··· GIVEN INFORMATION
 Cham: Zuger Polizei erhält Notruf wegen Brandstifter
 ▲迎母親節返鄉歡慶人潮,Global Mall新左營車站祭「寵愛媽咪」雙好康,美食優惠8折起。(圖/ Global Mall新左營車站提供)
······
··· GIVEN INFORMATION
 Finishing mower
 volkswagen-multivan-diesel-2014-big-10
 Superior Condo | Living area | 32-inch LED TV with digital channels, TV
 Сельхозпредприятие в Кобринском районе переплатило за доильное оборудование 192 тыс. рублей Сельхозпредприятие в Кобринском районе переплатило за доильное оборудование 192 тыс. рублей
······
TASK TO COMPLETE » Which lines above run from the one containing "Superior Condo |" down to the one containing "тыс. рублей Сельхозпредприятие"? Repeat exactly those, both ends included, and nothing else.

RESULT »
 Superior Condo | Living area | 32-inch LED TV with digital channels, TV
 Сельхозпредприятие в Кобринском районе переплатило за доильное оборудование 192 тыс. рублей Сельхозпредприятие в Кобринском районе переплатило за доильное оборудование 192 тыс. рублей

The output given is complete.